_Exercise goal:_
Would you reproduce, without any alteration, the lines from the opening line of the entries through the line that has "Womens Small Button" in it?

_Caption-style text data:_
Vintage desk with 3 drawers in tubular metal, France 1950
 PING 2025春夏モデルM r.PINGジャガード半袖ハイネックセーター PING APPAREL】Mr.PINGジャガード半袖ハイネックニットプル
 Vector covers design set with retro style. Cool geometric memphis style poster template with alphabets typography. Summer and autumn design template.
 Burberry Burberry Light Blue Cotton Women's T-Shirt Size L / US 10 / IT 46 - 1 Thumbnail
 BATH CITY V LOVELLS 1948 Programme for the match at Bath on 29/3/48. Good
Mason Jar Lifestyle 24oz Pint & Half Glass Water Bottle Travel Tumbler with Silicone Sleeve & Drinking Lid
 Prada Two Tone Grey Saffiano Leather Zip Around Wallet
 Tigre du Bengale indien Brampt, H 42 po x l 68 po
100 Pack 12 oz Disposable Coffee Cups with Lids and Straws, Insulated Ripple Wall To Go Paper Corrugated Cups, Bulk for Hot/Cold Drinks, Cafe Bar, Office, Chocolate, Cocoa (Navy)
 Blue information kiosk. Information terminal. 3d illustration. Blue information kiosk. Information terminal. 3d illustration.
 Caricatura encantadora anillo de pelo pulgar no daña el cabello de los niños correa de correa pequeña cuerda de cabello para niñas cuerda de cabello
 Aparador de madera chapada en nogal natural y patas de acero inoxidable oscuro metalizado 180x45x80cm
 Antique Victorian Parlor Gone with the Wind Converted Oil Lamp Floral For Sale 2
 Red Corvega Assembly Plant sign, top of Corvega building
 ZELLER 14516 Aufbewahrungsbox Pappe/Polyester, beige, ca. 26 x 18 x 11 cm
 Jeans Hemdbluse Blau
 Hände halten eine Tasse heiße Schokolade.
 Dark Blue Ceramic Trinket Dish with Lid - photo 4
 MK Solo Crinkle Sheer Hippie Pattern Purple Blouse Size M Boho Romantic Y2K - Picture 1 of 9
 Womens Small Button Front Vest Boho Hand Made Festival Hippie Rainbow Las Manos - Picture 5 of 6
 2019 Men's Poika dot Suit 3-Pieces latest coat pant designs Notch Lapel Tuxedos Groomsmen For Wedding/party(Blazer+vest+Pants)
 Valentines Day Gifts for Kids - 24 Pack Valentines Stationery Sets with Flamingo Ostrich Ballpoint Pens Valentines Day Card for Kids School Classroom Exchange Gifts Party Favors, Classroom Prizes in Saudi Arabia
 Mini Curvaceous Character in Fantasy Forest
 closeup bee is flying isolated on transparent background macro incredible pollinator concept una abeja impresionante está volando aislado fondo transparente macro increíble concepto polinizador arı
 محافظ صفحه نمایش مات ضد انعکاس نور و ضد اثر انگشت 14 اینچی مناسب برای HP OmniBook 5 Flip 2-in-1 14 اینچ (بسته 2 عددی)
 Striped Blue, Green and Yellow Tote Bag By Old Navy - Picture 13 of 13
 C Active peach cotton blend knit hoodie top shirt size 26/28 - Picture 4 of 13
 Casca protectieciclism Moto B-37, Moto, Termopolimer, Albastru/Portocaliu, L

_Your solution:_
Vintage desk with 3 drawers in tubular metal, France 1950
 PING 2025春夏モデルM r.PINGジャガード半袖ハイネックセーター PING APPAREL】Mr.PINGジャガード半袖ハイネックニットプル
 Vector covers design set with retro style. Cool geometric memphis style poster template with alphabets typography. Summer and autumn design template.
 Burberry Burberry Light Blue Cotton Women's T-Shirt Size L / US 10 / IT 46 - 1 Thumbnail
 BATH CITY V LOVELLS 1948 Programme for the match at Bath on 29/3/48. Good
Mason Jar Lifestyle 24oz Pint & Half Glass Water Bottle Travel Tumbler with Silicone Sleeve & Drinking Lid
 Prada Two Tone Grey Saffiano Leather Zip Around Wallet
 Tigre du Bengale indien Brampt, H 42 po x l 68 po
100 Pack 12 oz Disposable Coffee Cups with Lids and Straws, Insulated Ripple Wall To Go Paper Corrugated Cups, Bulk for Hot/Cold Drinks, Cafe Bar, Office, Chocolate, Cocoa (Navy)
 Blue information kiosk. Information terminal. 3d illustration. Blue information kiosk. Information terminal. 3d illustration.
 Caricatura encantadora anillo de pelo pulgar no daña el cabello de los niños correa de correa pequeña cuerda de cabello para niñas cuerda de cabello
 Aparador de madera chapada en nogal natural y patas de acero inoxidable oscuro metalizado 180x45x80cm
 Antique Victorian Parlor Gone with the Wind Converted Oil Lamp Floral For Sale 2
 Red Corvega Assembly Plant sign, top of Corvega building
 ZELLER 14516 Aufbewahrungsbox Pappe/Polyester, beige, ca. 26 x 18 x 11 cm
 Jeans Hemdbluse Blau
 Hände halten eine Tasse heiße Schokolade.
 Dark Blue Ceramic Trinket Dish with Lid - photo 4
 MK Solo Crinkle Sheer Hippie Pattern Purple Blouse Size M Boho Romantic Y2K - Picture 1 of 9
 Womens Small Button Front Vest Boho Hand Made Festival Hippie Rainbow Las Manos - Picture 5 of 6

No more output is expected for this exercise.